### AIM OF THE TASK
Return exactly the lines from the one containing "Mens Ultimate Cycle Sock Collection" through the last line of the records below, both included, and leave out any pictures.

### AVAILABLE DATA
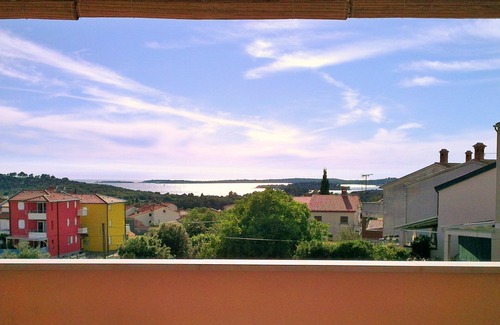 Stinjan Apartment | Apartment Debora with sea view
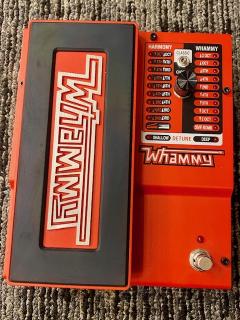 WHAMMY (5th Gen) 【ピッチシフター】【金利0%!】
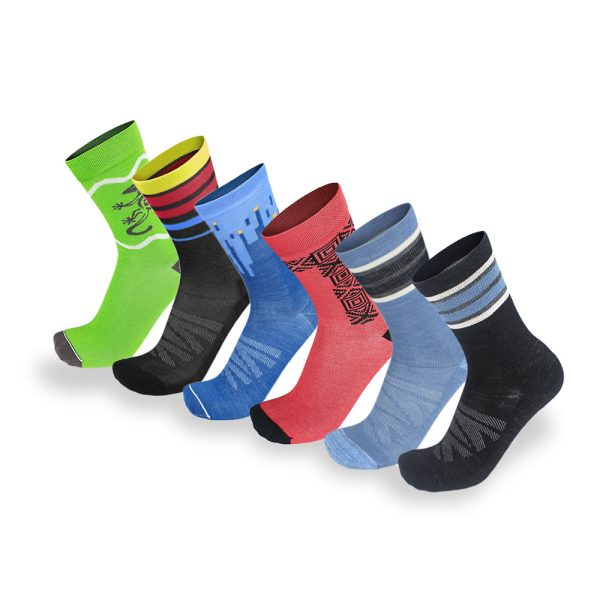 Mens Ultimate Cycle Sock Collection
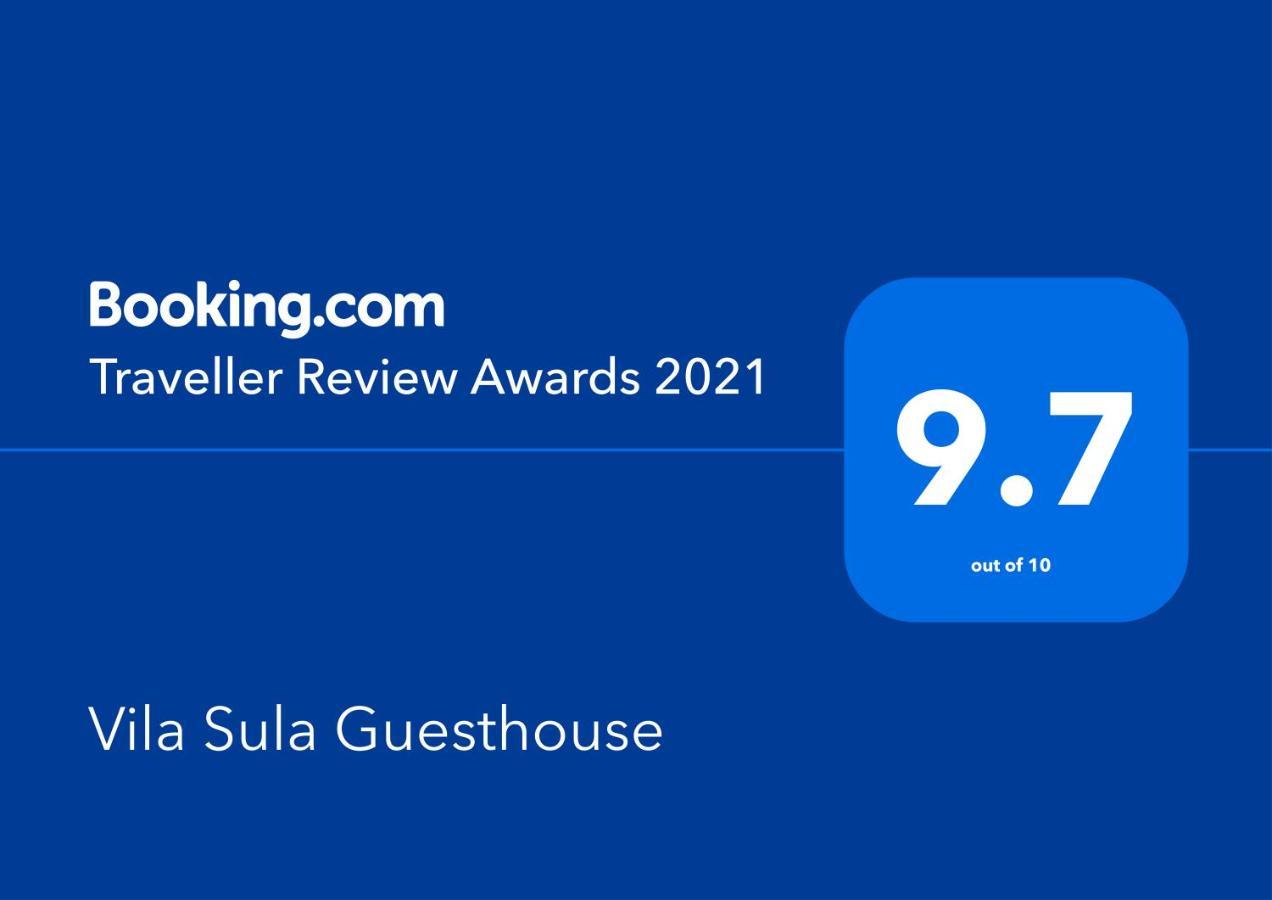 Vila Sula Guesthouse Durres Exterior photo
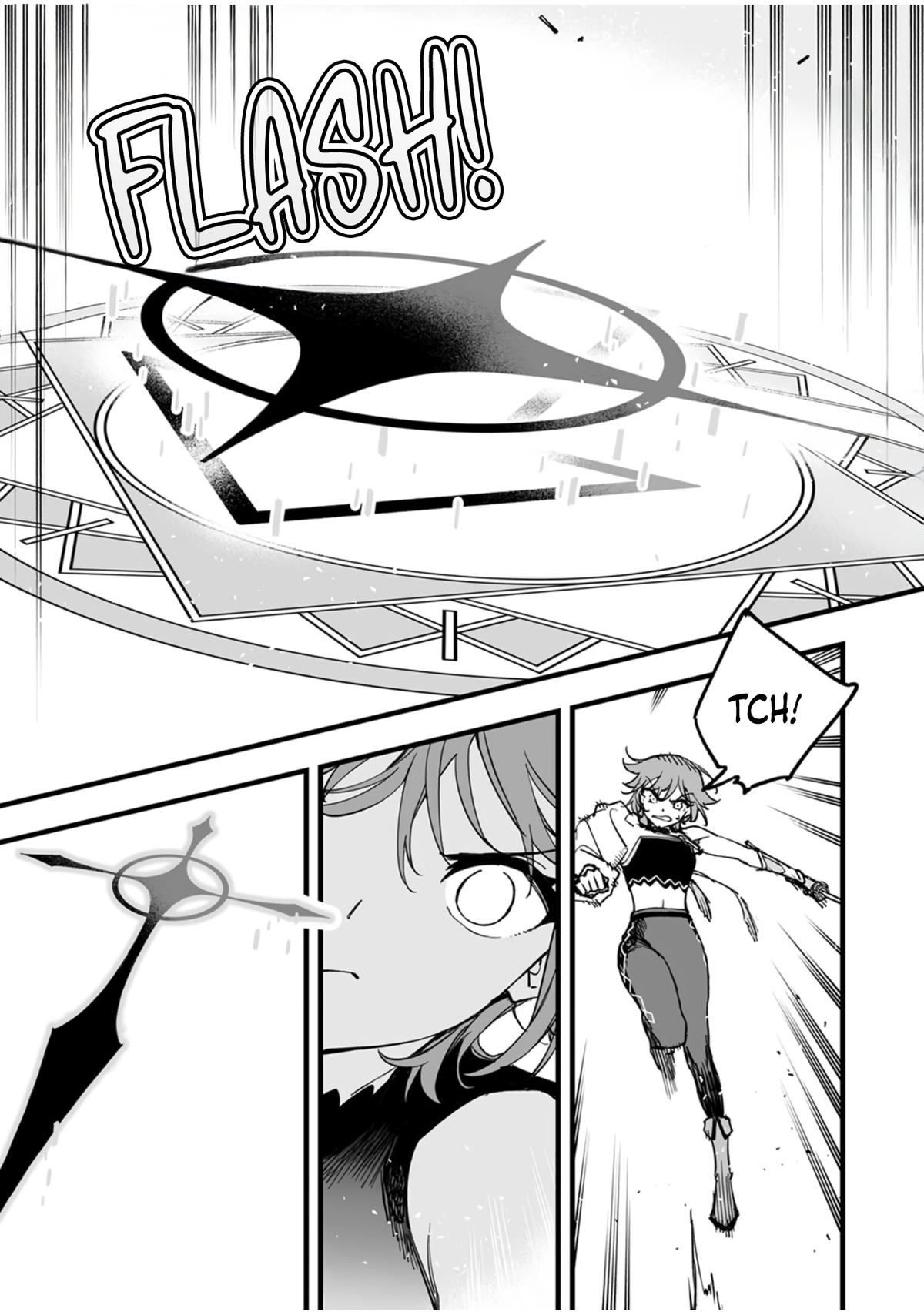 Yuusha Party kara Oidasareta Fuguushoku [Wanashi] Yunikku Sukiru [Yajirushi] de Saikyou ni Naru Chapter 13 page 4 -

### TASK RESPONSE
 Mens Ultimate Cycle Sock Collection
 Vila Sula Guesthouse Durres Exterior photo
 Yuusha Party kara Oidasareta Fuguushoku [Wanashi] Yunikku Sukiru [Yajirushi] de Saikyou ni Naru Chapter 13 page 4 -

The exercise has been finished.